Wedding etiquette is the set of informal rules that govern all aspects of engagements, weddings and receptions. While some may seem outdated, they can act as guidelines when unsure about the correct way to do things.
Asking Permission to Marry
In years gone by, the man was expected to ask the father of the bride-to-be, if he could have the hand of his daughter in marriage. This formal request opened the doorway for discussion and is still expected in many families.
Announcements and Invitations
These are handled by the family of the bride, under her guidance. Traditionally, invitations are engraved on good quality white or off-white paper. Envelopes should be addresses by hand in black ink.
If one parent has passed away, the invitation should refer to them as the ‘late’. For example, Mr James Jones announces the engagement of his daughter, Mary, to Jack, son of Michael and the late Ethel Smith.
A traditional engagement ring is a single or solitaire diamond. It is best to allow the bride to choose the ring if possible.
The accepted period is three to six months.
Apparel for Bride and Groom
It is traditional for the groom to wear plain black and white so the focus is on the bride. The bride should wear a long dress in white or off-white and the neckline should be modest. Gloves and trains are no longer essential but are accepted accessories.
Bride and Groom Attendants
The bride may select a matron of honor and a number of bridesmaids. They should wear matching dresses and shoes. The color of the bridesmaid’s outfits can be picked up by handkerchiefs, flowers, ties or cummerbunds for the groom’s attendants. The groom should be dressed in a different color suit/tuxedo/shirt to differentiate him from his groomsmen.
Parents and Wedding Guests
A wedding is supposed to be a formal occasion and dress should be suitably smart. Full length dresses are acceptable but the colors black and red should be avoided.
There are no set rules about flowers apart from them being fresh. Never use silk flowers for a wedding.
It is expected that gifts be given by those who accept the wedding invitation. The gifts may be sent in advance or delivered to the reception on the day. Gift registries are still common although the list of gifts is generally more practical these days.
Gifts for Attendants
These are small token gifts and are normally given before the attendants dress for the wedding. Traditional items include bracelets, necklaces, cuff links, silver or gold pens and key rings.

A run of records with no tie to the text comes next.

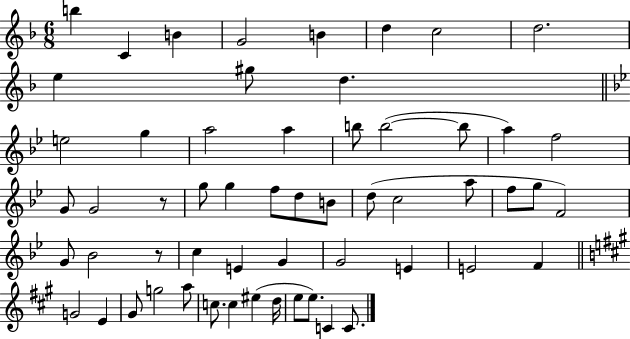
X:1
T:Untitled
M:6/8
L:1/4
K:F
b C B G2 B d c2 d2 e ^g/2 d e2 g a2 a b/2 b2 b/2 a f2 G/2 G2 z/2 g/2 g f/2 d/2 B/2 d/2 c2 a/2 f/2 g/2 F2 G/2 _B2 z/2 c E G G2 E E2 F G2 E ^G/2 g2 a/2 c/2 c ^e d/4 e/2 e/2 C C/2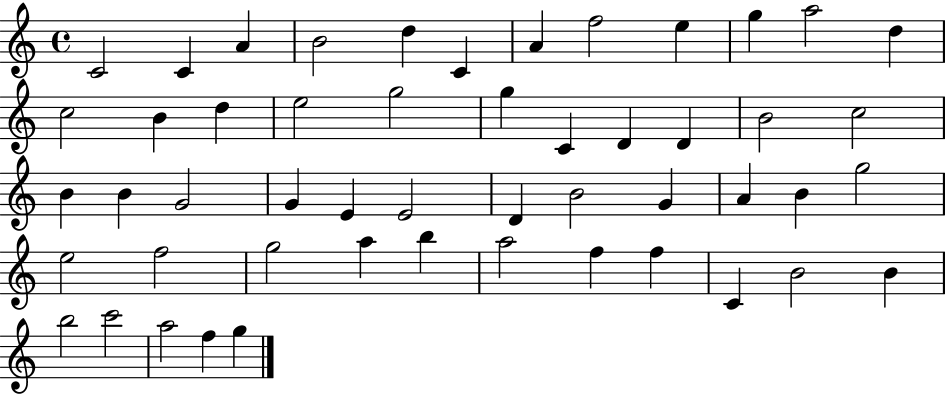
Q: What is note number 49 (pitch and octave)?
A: A5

This is traditionally the choice of the bride and her family. Vows are not as rigid as in the past and many churches will allow the couple to write their own.
Seating at the Wedding Reception
The wedding party should have a table with place cards showing their position. The bride and groom are at the centre with the bride to the right of the groom. The bridesmaids and matron of honor are seated to the left of the groom and the best man is to the right of the bride. The parents may be included or have their own table. It is traditional for the parents to swap partners for seating arrangements.
These were traditionally made of fruit cake and frosted with thick marzipan. It is acceptable to use other varieties and style of cake today.
When unsure of how to plan an engagement and wedding, a knowledge of wedding etiquette can help solve a lot of problems.